From the line with "Used 2025 Audi" onward, reproduce each line of the entries exactly, ending at the last one, and add nothing.

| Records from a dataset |
*** Begin section ***
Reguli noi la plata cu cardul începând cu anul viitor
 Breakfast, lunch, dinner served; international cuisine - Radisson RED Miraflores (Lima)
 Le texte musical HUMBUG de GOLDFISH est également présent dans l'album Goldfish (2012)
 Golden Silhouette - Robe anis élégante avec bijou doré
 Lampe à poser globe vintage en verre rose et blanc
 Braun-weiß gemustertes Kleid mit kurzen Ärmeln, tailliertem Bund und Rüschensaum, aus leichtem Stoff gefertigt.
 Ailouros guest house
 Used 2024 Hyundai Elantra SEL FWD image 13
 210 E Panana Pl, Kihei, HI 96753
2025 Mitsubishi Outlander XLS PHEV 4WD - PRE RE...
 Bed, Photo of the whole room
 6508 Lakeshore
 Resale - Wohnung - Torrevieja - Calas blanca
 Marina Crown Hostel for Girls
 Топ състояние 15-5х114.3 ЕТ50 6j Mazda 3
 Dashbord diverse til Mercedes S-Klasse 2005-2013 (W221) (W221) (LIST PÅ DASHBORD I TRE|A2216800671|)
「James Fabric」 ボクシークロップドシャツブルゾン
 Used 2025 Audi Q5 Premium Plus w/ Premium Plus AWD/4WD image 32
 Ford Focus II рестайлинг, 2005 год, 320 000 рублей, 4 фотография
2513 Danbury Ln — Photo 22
*** End section ***
| REPLY TO THE EXERCISE |
 Used 2025 Audi Q5 Premium Plus w/ Premium Plus AWD/4WD image 32
 Ford Focus II рестайлинг, 2005 год, 320 000 рублей, 4 фотография
2513 Danbury Ln — Photo 22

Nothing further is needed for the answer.